[Bioperl-l] Re: Automatic generation of set and get methods

Tim Bunce Tim.Bunce@pobox.com
Sat, 16 Nov 2002 21:45:21 +0000


On Fri, Nov 15, 2002 at 02:36:42PM -0800, Hilmar Lapp wrote:
> 
> > The first time a method is called there is a lookup to
> > find it. After that the result is cached. Unless someone
> > explicitly plays with that portion of the symbol table
> > further use of the method is no worse than a subroutine
> > call. If an AUTOLOAD installs the method and does a goto
> > then the method will be called at full speed from then on.

Remember that all methods must be pre-declared (using "sub foo;")
otherwise you can run into method lookup problems - if a super class
has a method that should be overridden in the subclass but hasn't been
declared then the AUTOLOAD in the subclass will _not_ be called.
That's because the method lookup searches for what's been declared
before falling back to trying AUTOLOADs.

Another problem is that once the AUTOLOAD for a subclass has been
called there's no way for it to say "sorry, can't load that one,
please keep trying elsewhere". But that's generally not an issue
if all the classes have pre-declared all their methods.

> > Part of Perl's flexability in handling these things is the
> > ability to modify the symbol table on the fly. Caching will
> > normally save most of this expense. Overuse of AUTLOAD with
> > no subroutine installed will be seriously expensive.
> 
> I'm a complete ignorant of how the engine runs I have to admit.
> I made the statement based on Tim Bunce's reviewing our parser and
> object initialization code and the result basically was that we had
> far too many method invocations (along with some other things).
> Once we reduced that the parser in question was ~5-6 times faster.

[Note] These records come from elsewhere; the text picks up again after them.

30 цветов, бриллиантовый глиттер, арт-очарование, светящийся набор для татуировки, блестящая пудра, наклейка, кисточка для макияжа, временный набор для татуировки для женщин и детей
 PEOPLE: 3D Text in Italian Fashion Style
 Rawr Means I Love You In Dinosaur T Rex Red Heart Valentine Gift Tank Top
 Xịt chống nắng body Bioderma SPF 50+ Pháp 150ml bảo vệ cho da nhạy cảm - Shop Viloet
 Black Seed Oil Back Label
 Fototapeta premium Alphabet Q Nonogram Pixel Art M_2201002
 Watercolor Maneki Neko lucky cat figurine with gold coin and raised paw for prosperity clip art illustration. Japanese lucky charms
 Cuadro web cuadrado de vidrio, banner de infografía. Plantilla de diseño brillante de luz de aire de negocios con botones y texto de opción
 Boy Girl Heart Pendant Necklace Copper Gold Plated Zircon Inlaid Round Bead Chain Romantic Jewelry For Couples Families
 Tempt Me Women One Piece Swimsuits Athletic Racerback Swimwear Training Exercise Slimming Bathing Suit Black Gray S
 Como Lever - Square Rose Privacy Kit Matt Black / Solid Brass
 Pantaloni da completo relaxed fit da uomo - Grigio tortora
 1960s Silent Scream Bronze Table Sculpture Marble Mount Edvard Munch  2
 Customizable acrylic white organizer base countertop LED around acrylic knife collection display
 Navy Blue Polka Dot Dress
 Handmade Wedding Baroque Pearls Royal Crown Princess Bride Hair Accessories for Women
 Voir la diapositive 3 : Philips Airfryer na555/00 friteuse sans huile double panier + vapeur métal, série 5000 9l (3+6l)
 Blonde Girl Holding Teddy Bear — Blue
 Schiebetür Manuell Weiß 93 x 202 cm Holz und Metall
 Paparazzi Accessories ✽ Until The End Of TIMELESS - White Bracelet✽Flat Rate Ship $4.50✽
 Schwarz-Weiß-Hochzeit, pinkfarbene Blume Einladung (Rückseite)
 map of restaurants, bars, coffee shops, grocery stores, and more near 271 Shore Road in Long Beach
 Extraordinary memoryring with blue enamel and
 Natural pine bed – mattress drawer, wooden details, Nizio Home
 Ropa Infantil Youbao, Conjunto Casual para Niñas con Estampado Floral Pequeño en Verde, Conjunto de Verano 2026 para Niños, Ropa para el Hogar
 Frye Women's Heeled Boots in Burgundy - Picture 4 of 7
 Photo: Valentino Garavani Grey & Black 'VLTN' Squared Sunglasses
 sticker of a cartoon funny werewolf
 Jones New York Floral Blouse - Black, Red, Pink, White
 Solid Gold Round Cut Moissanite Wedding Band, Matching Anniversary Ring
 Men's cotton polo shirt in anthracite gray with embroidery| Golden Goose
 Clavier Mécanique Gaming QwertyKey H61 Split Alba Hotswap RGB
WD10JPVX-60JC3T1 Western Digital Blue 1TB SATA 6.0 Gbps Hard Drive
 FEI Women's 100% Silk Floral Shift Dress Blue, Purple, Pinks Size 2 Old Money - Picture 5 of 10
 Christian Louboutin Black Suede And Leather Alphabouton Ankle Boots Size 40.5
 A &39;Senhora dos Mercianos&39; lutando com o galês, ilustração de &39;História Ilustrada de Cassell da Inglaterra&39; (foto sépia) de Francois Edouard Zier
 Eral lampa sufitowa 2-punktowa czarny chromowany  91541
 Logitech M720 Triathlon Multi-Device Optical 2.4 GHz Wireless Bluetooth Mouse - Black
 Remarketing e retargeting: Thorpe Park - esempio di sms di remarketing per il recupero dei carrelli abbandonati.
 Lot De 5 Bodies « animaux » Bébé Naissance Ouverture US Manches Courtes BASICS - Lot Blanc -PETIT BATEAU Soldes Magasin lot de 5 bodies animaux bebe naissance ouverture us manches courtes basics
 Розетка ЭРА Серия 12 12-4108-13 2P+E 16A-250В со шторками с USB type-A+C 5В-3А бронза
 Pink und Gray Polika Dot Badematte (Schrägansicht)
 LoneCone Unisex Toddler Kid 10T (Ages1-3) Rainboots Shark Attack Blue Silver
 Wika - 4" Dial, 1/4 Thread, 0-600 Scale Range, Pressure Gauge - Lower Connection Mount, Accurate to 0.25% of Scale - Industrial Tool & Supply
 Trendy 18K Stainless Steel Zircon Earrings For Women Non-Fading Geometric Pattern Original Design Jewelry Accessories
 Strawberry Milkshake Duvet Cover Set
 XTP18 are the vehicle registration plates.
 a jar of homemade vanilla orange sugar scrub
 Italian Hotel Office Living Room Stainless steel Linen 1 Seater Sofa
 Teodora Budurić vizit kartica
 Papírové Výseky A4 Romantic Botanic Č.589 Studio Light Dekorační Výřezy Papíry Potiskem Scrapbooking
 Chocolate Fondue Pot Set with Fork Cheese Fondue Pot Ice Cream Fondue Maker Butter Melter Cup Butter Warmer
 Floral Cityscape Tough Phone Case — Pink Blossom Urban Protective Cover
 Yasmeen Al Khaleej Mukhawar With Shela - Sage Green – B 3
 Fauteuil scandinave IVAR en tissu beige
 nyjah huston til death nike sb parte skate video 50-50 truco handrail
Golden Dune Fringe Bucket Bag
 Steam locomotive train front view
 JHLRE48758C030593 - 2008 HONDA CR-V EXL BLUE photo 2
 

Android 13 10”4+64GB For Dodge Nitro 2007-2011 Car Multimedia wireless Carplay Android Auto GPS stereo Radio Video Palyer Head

Methods don't cost much more than subs. Much of the overheads come
from putting the arguments onto the stack and getting them off again:

use Benchmark;
my $obj = bless {} => 'fooclass';
sub fooclass::empty { }
sub fooclass::std   { my ($self, $arg) = @_; return $arg; }
timethese(1000000, {
  s1 => sub { fooclass::empty($obj,1) },
  m1 => sub { $obj->empty(1) },
  s2 => sub { fooclass::std($obj,1) },
  m2 => sub { $obj->std(1) },
});

Benchmark: timing 1000000 iterations of m1, m2, s1, s2...
  s1:  2 wallclock secs (1.60 usr + 0.00 sys = 1.60 CPU) @ 624390.24/s (n=1000000)
  m1:  2 wallclock secs (2.17 usr + 0.00 sys = 2.17 CPU) @ 460431.65/s (n=1000000)
  s2:  4 wallclock secs (3.45 usr + 0.01 sys = 3.46 CPU) @ 288939.05/s (n=1000000)
  m2:  5 wallclock secs (4.58 usr + 0.00 sys = 4.58 CPU) @ 218430.03/s (n=1000000)

You could say s1 is much faster than m1, but as soon as you try to
do anything useful within the sub then the difference becomes far
less significant (s2 vs m2). And even the slowest is able to do
over 200,000 calls per second - so these differences, in themselves,
are rarely where the problems are.

I'd guess that you all have better things to do than spend much
time fussing about accessor methods. But if you want to know my
performance perspective it's this: given the slow down demonstrated
above by just two trivial statements in std() then for maximum
performance it should be obvious that separate set_* and get_*
methods are needed so that each can have the smallest amount of
code, which is probably:

	sub set_foo { shift->{foo} = shift }
	sub get_foo { shift->{foo} }

Tim [who was 'just passing' and isn't really paying any attention to this list]